We read from the documentation https://pytorch.org/cppdocs/ “At the moment, the C++ API should be considered “experimental”; we may make major breaking changes to the backend in order to improve the API, or in service of providing the Python interface to PyTorch, which is our most stable and best supported interface.”
So, being interested in developing and deploying pytorch models in C++, I would like to know if there is a timeline of the major breaking changes.
For the C++ frontend, there will be BC-breaking changes in v1.4 and v1.5 to make it behave more similar to the Python frontend, and we expect the core components (torch functions / tensor operators / autograd functions / NN functionals / NN layers / optimizers) to be mostly stable afterwards.
If by “deploying pytorch models in C++” you meant running JIT model inference in C++, @Michael_Suo would have more information about it.
Thanks a lot @yf225 . When pytorch C++ frontend v1.4 and, the following v.1.5 will be made available to use? Are we now at v.1.2 …right?
So it means that it’s better to wait 4/5 months to the version v.1.5 in order to work with a rather stable version?
The BC-breaking changes would mostly be NN layer options parameter name changes, NN layer / optimizer behavior changes and torch function default dtype changes to make them consistent with the Python frontend, and we will thoroughly document them in the upcoming releases. If the goal is to have the least maintenance overhead when upgrading to v1.4 or v1.5, it would be a good idea to wait for v1.5 to work with a rather stable version.
From here https://pytorch.org/cppdocs/ it seems that the C++API is still in beta release.
What version are we now? v1.4 or v1.5?
here : https://pytorch.org/blog/pytorch-1-dot-5-released-with-new-and-updated-apis/
we read : “Today, we’re announcing the availability of PyTorch 1.5, along with new and updated libraries. This release includes several major new API additions and improvements. PyTorch now includes a significant update to the C++ frontend, ‘channels last’ memory format for computer vision models, and a stable release of the distributed RPC framework used for model-parallel training. The release also has new APIs for autograd for hessians and jacobians, and an API that allows the creation of Custom C++ Classes that was inspired by pybind.”
" C++ Frontend API (Stable)
The C++ frontend API is now at parity with Python, and the features overall have been moved to ‘stable’ (previously tagged as experimental)."

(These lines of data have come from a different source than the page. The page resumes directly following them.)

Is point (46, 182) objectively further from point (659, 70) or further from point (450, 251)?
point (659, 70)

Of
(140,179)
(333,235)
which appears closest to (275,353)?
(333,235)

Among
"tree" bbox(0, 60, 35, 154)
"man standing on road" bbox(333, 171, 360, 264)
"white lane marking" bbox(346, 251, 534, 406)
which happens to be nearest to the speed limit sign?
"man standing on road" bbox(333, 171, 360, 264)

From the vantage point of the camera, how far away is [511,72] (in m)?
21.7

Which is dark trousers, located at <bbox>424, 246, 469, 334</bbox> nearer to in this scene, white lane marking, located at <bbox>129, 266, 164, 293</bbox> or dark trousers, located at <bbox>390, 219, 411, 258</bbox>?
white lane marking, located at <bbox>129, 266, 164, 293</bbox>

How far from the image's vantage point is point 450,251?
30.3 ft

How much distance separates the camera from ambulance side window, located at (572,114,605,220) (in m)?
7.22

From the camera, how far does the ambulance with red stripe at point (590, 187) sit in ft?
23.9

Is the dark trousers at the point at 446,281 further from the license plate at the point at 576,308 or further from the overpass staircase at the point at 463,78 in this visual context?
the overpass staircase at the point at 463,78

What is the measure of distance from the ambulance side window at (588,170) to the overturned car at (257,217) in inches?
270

But here: https://pytorch.org/cppdocs/
At the moment, the C++ API should be considered “beta” stability; we may make major breaking changes to the backend in order to improve the API, or in service of providing the Python interface to PyTorch, which is our most stable and best supported interface.

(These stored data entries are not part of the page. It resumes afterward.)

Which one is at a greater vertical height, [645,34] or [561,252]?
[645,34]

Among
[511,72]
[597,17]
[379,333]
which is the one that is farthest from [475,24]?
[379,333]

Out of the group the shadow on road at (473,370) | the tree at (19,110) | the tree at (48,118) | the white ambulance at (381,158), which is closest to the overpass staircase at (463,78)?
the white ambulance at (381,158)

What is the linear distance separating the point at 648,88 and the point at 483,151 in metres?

What does it mean? Is the C++API now stable or still in “beta”?
Could you please clarify?
Thanks in advance
It seems our cppdoc is outdated. We are working on an update.
C++ API is stable now, we keep adding features though. @yf225
In case the effort needed to give a boost to the desired C++ API is at the moment too high,
I would suggest to ask for collective help within the C++ wide community.
I’m sure many C++ developers, who are notoriously willing to embark in difficult achievements, will be happy to help such great project like PyTorch
Thanks for advise, yep, we will prioritize our work and definitely asking help lol.
Please following up here to see our further actions.